EXERCISE DETAILS: Set down each line of the data below exactly as it stands, dropping the pictures.

*** DATA SECTION Section Begins ***

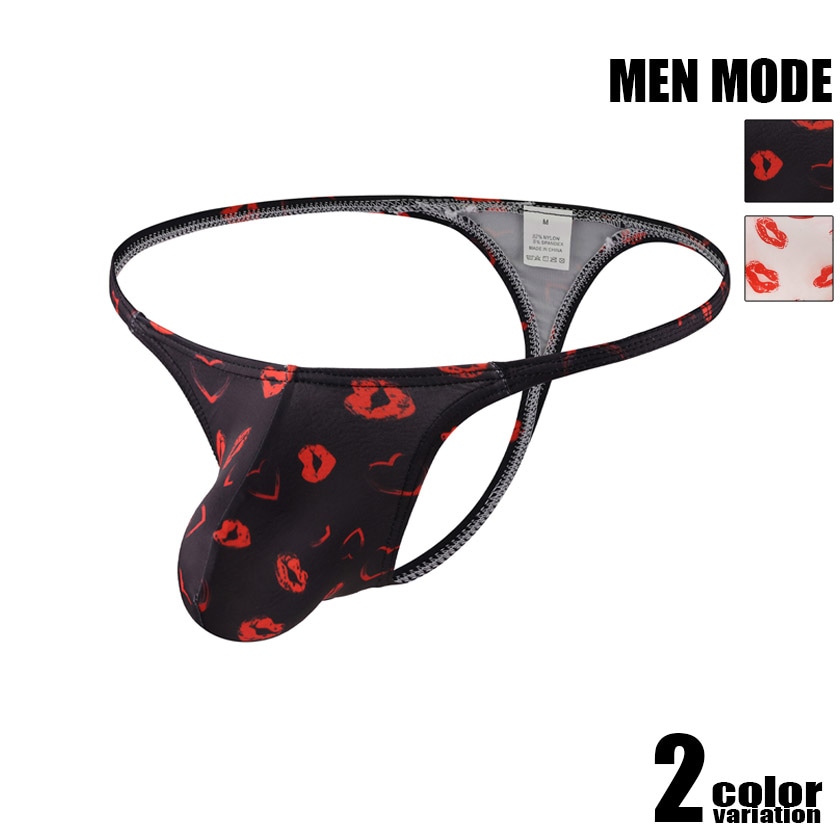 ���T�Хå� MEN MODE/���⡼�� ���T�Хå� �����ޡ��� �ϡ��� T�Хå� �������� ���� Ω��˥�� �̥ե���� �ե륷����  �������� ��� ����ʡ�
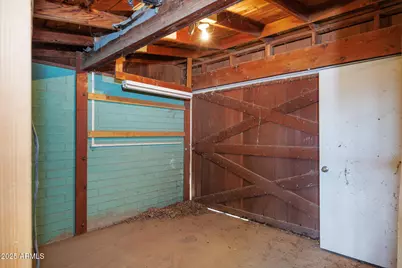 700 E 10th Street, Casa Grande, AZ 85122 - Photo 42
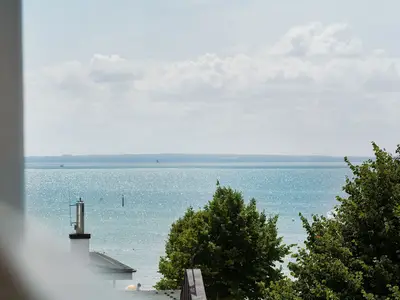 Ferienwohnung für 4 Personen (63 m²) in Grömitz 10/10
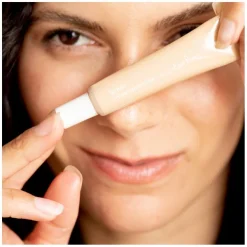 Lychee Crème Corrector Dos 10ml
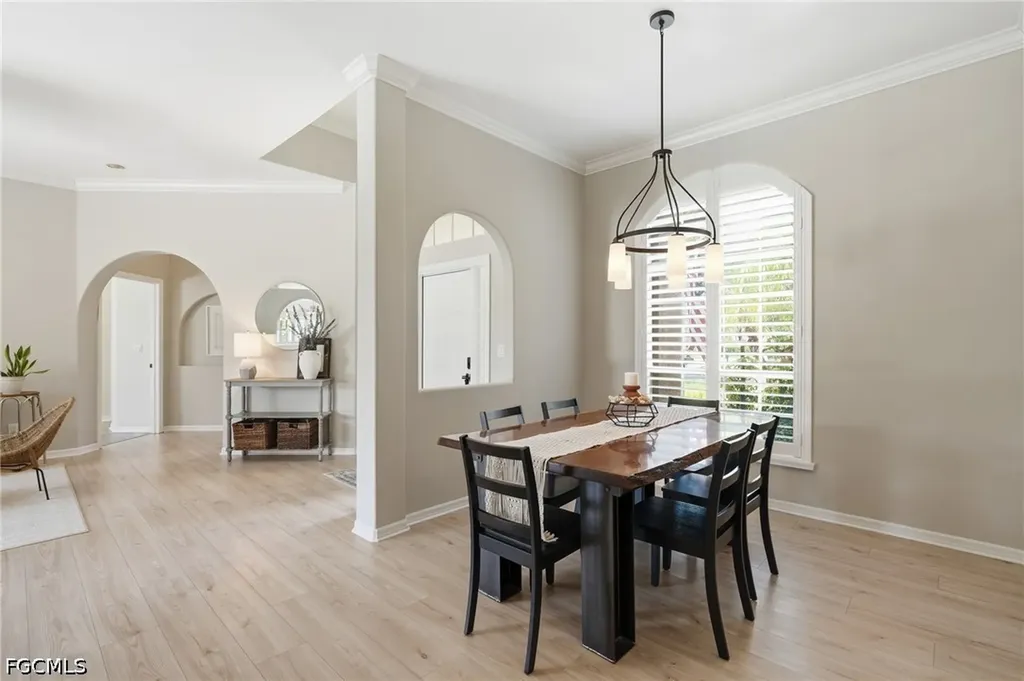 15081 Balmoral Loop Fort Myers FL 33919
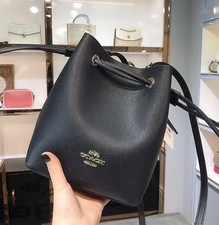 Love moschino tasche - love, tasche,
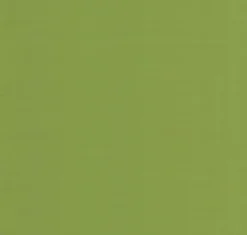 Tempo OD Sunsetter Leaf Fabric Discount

*** DATA SECTION Section Ends ***

COMPLETED EXERCISE:
 ���T�Хå� MEN MODE/���⡼�� ���T�Хå� �����ޡ��� �ϡ��� T�Хå� �������� ���� Ω��˥�� �̥ե���� �ե륷����  �������� ��� ����ʡ�
 700 E 10th Street, Casa Grande, AZ 85122 - Photo 42
 Ferienwohnung für 4 Personen (63 m²) in Grömitz 10/10
 Lychee Crème Corrector Dos 10ml
 15081 Balmoral Loop Fort Myers FL 33919
 Love moschino tasche - love, tasche,
 Tempo OD Sunsetter Leaf Fabric Discount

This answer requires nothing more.